Лежавший на полу комнаты Пупсер зашевелился. От соприкосновения с ковром лицо горело. Голова раскалывалась. Кроме всего прочего ему было холодно, руки и ноги онемели. Он повернулся на бок и посмотрел в окно. Небо над Кембриджем бросало оранжевый отблеск сквозь падающие снежинки. Он медленно собрался с силами и встал. Тошнота и слабость давали о себе знать. Он подошел к двери, включил свет и замер, щурясь на две большие коробки, лежащие на полу. Поспешно сел на стул, пытаясь вспомнить, что с ним случилось и как он стал обладателем двадцати четырех дюжин трехсосковых, проверенных электроникой, упакованных для торгового автомата презервативов с гарантией. Детали сегодняшних событий медленно всплывали в памяти Пупсера, а с ними и мысли о недоразумении с Деканом. «На неделю лишаюсь права покидать территорию колледжа», — бормотал он, и — тут до него дошло, какие нежелательные последствия это влечет за собой. Ведь он подписал бланк в оптовой конторе, но не может теперь доставить эти мерзкие штуковины в «Единорог». Начнется расследование. Бармен из «Единорога» его опознает. Опознает и этот гнусный бородач из оптовой конторы. Дело передадут в полицию. Последует обыск. Арест. Обвинение в незаконном хранении двадцати четырех дюжин… Пупсер схватился руками за голову. Что делать? Нужно избавиться от этого добра. Он взглянул на часы. Одиннадцать. Надо спешить. Может, сжечь их? Он посмотрел на газовую горелку и отбросил эту мысль. Исключено. Спустить в унитаз? Это идея. Он бросился к коробкам и начал их открывать. Сначала наружную коробку, потом внутреннюю, затем саму пачку и наконец снял обертку из фольги. Очень трудоемкая работа. Этак он сто лет будет возиться. И все-таки надо браться за дело.

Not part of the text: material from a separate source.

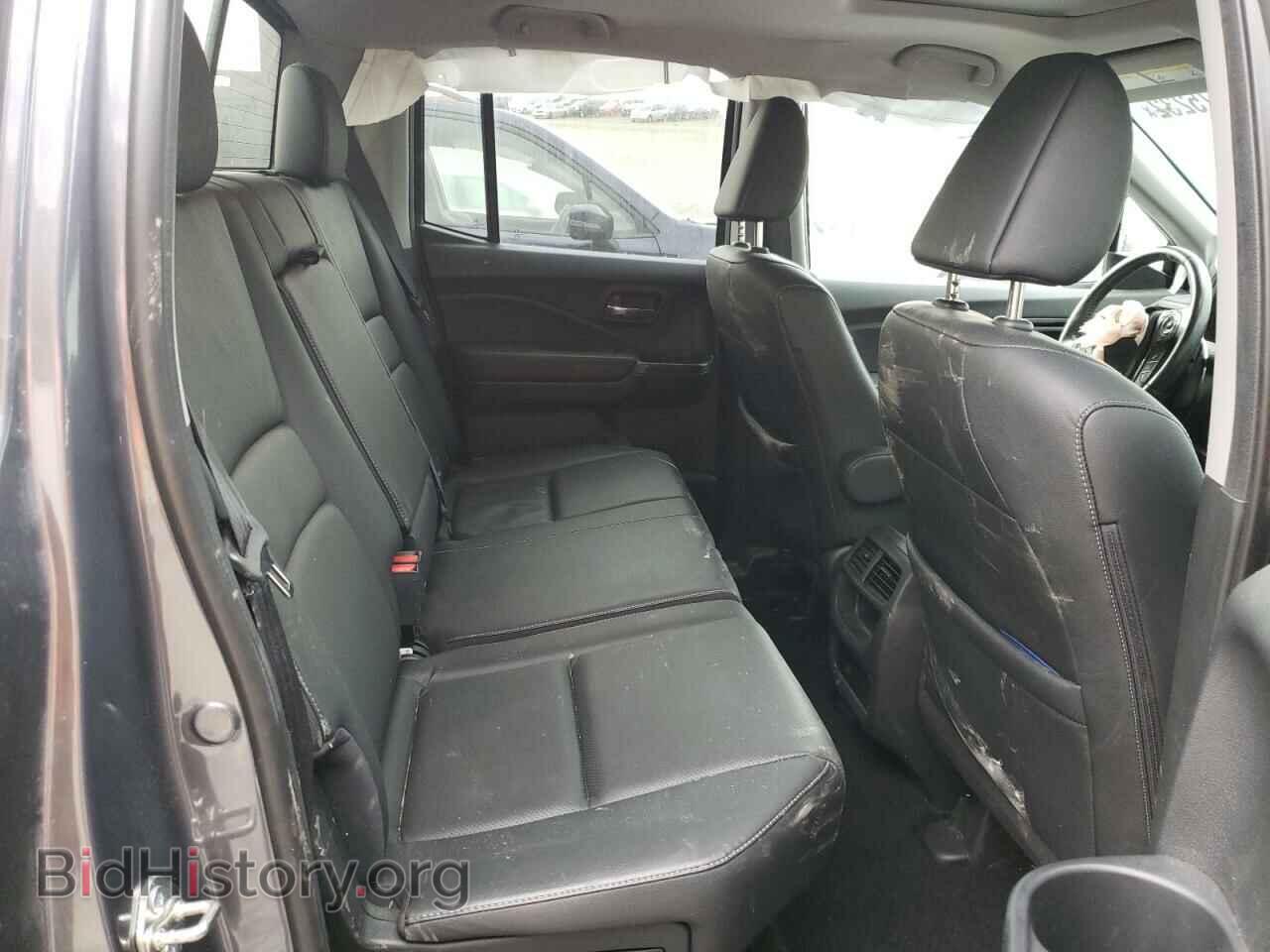2017 HONDA RIDGELINE - VIN: 5FPYK3F72HB003943 - Фото 6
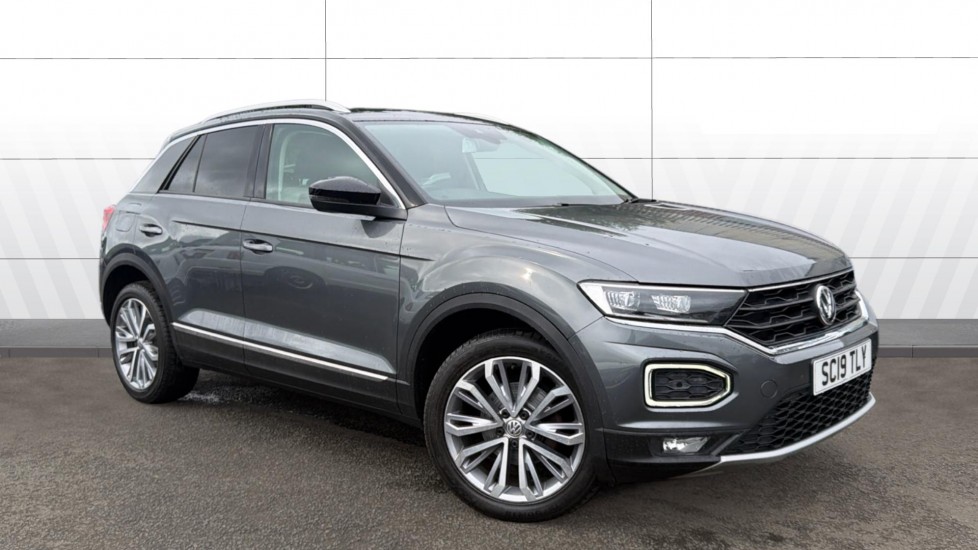Volkswagen T-Roc 1.6 TDI SEL 5dr Diesel Hatchback - Image 1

Рядом на ковре медленно росла куча пустых пачек, а вместе с ней куча фольги и нелепая композиция из резиновых колец, похожих на сплющенные и полупрозрачные шляпки маленьких грибов. Руки Пупсера стали липкими от сенситола, разрывать фольгу стало еще труднее. Прошел час, а он опустошил только одну коробку. Часы показывали двенадцать. Он сгреб презервативы в кучу, взял для начала горсть и через лестничную клетку прошел в уборную. Бросил их в унитаз и дернул спуск. Хлынула вода, все завертелось и запузырилось. Утонули? Когда вода поутихла, он увидел, что две дюжины резиновых колечек вызывающе плавают на поверхности. «Вот черт!» — в отчаянии сказал Пупсер и подождал, пока бачок наполнится снова, а еще через минуту опять дернул за цепочку. Две дюжины презервативов радостно глядели на него снизу. Один или два развернулись и наполнились воздухом. Пупсер бешено уставился на проклятые резинки. Надо как-то их пропихнуть. Он выхватил из-за унитаза ершик и стал заталкивать злополучные колечки. Одно или два исчезли в бездне унитаза, но большая часть и не думала тонуть. Мало того, у трех хватило нахальства прилипнуть к ершику. Пупсер брезгливо снял их и с отвращением бросил обратно в воду. К тому времени бачок снова наполнился, тихо булькая, и напоследок издал чего-то вроде шипения. Пупсер задумался. Раздобыть эту мерзость было чертовски трудно, а теперь вот оказывается, что избавиться от нее — просто адская работа.